More so than its rivals, Lucent not only sells gear to emerging carriers but also provides contracts to build and manage their networks, and even configure and supply the equipment the carriers then offer to end users. That effort may have cost Lucent energy elsewhere.
For example, CEO Rich McGinn said Lucent still faces a ramp-up in selling high-speed optical equipment to newer but larger long-haul carriers, even as it has been signing up smaller local carriers with "business models that may be questionable." Lucent's optical sales have been a problem all year since Lucent fell behind Nortel Networks Corp., Cisco Systems Inc. and others in offering OC-192, or 10G bit/sec, transmission systems.
"We missed a product cycle," McGinn said.
While McGinn said Lucent has worked out kinks in optical manufacturing, Lucent Chief Financial Officer Deborah Hopkins said Lucent still needs to "identify high-value opportunities." Statements like that indicate Lucent is still planning its next move, which alarmed some analysts, who paint Lucent as a collection of uncoordinated business units.
CIMI's Nolle says Lucent wasted opportunities to sell its ATM switches acquired from Ascend Communications Inc. to large carriers such as the Bell companies, while pushing voice-over-IP DSL equipment that "they will never accept." Although Lucent said SBC Communications Inc. will buy its ATM switches for its out-of-region, local-services effort, Alcatel and Cisco have won the bulk of SBC's business for its much larger in-region DSL-over-ATM "Project Pronto" buildout.
Some analysts were tiring of Lucent's earnings warnings - three times this year - and whispered that McGinn needs to go.
"What exactly is going on with your OC-192 business?" asked one analyst on a conference call with McGinn last week after complaining that Lucent keeps changing its explanation for why Nortel and Cisco are ahead in optical. Lucent has previously cited production constraints, lack of qualified employees and aggressive pricing by competitors. McGinn now says the main delay is that carriers need to "certify" Lucent's optical equipment.
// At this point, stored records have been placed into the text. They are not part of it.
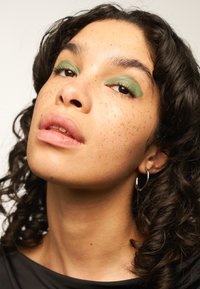 Portrait en gros plan d'une personne avec des cheveux noirs bouclés, portant un fard à paupières vert, du rouge à lèvres clair et de petites boucles d'oreilles en argent.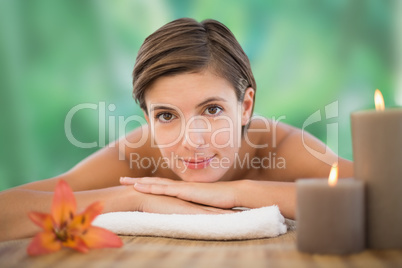 Beautiful woman on massage table at health farm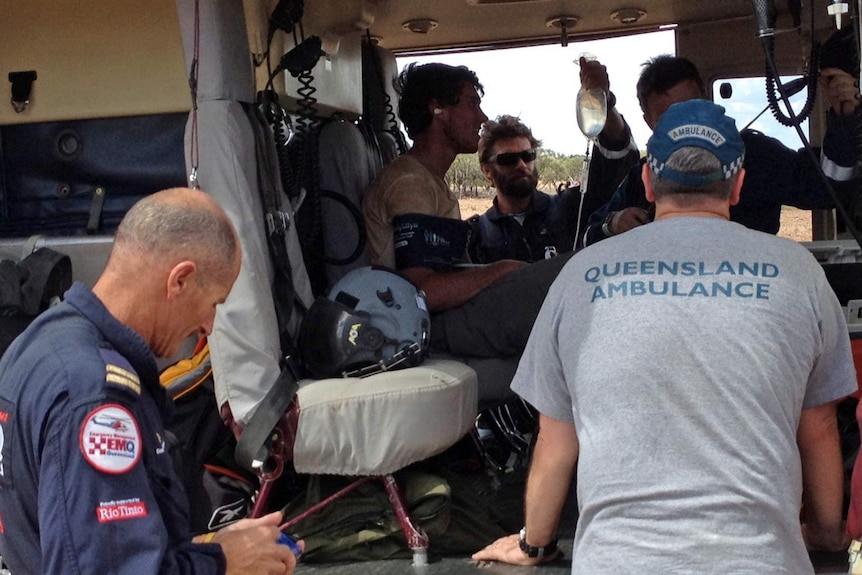 Rescued British backpacker Samuel Woodhead sitting in the North Queensland Rescue Helicopter.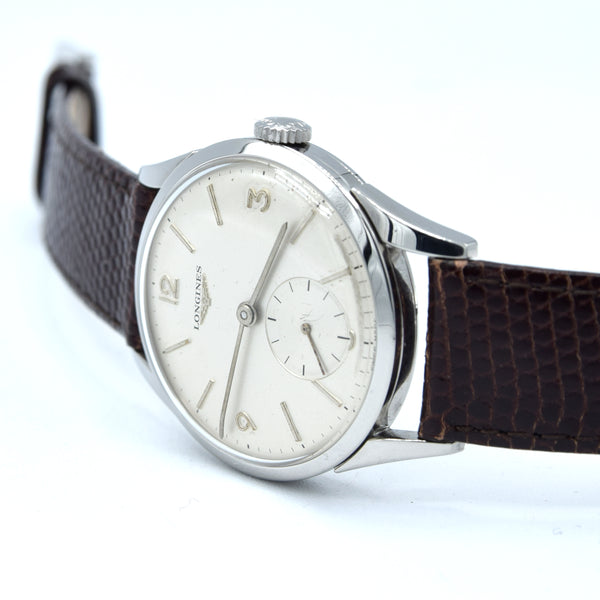 1959 Longines classic Dress Watch with Mixed line and Arabic Numerals Model 6666 with Archive extract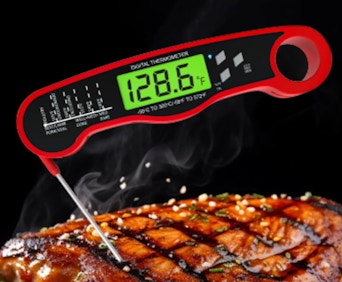 a red digital thermometer in a steak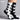 Stylish black-and-white cat-themed socks featuring whisker and ear designs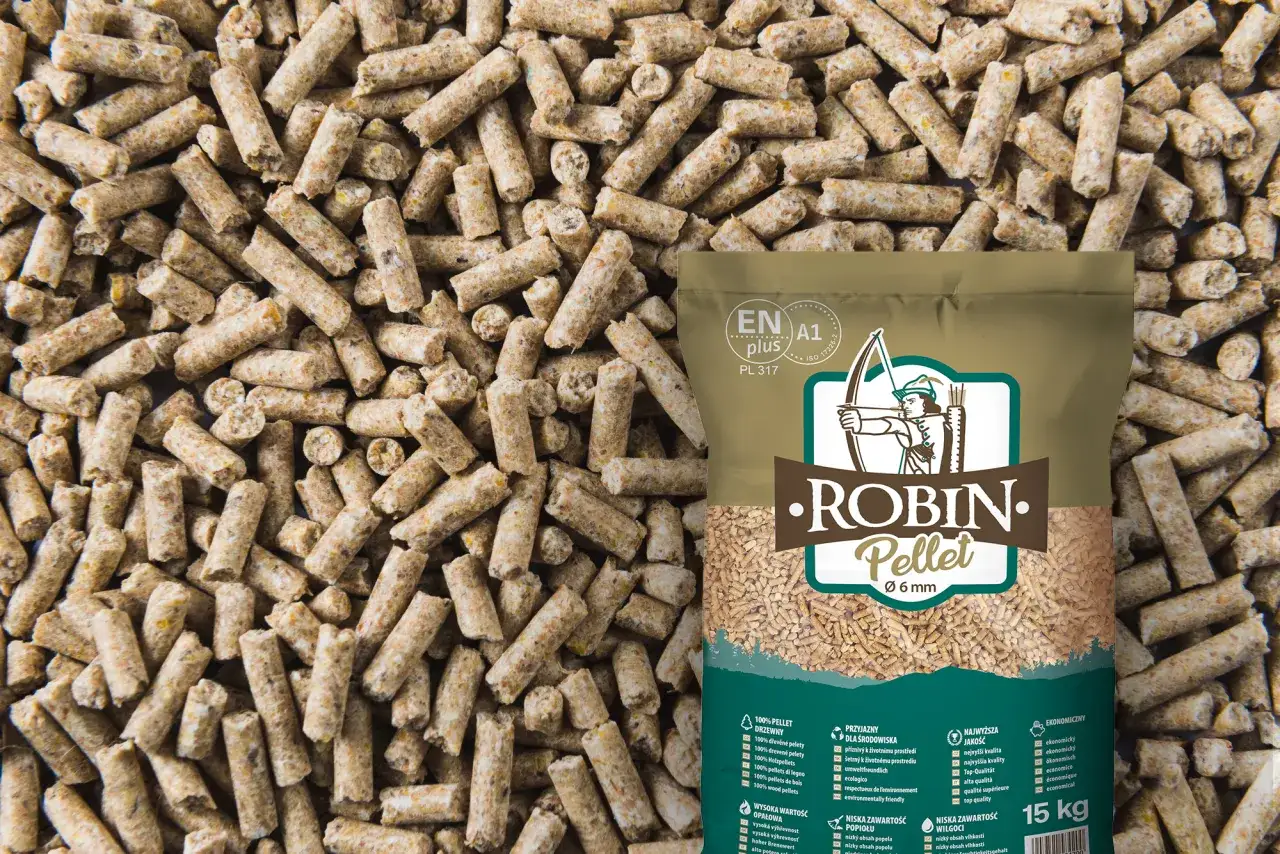 Worek z peletem drzewnym Robin Pellet 6 mm na tle rozsypanych granulek. Cena peletu zależy od jego jakości i składu.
Rosemary Cochran, an analyst with Vertical Systems Group in Dedham, Mass., thinks Lucent's problems are due to support issues.
"In talking to service providers, we don't find they're having technical problems with Lucent equipment," she says. "It's support issues. [Lucent has] lost a lot of people and doesn't have the ability to backfill all that experience," she says.
Observers say other vendors aren't immune to some of Lucent's financing woes. Brian Costello, president and CEO with Belenos, a firm that helps service providers design networks, says Cisco has approximately $US100 million in financing extended to ICG, a financially troubled Colorado CLEC.
Nolle adds that ADC Telecommunications Inc., Tellabs Operations Inc. and Nortel could be affected by CLEC financing shortfalls.
While projected spending on equipment by CLECs was in the $US13 billion range for 2000, CLEC purchases have slowed recently. That could slow incumbent telephone company spending. "They aren't going to buy as much, because they can just wait and buy the assets of the CLECs that don't make it," Costello says.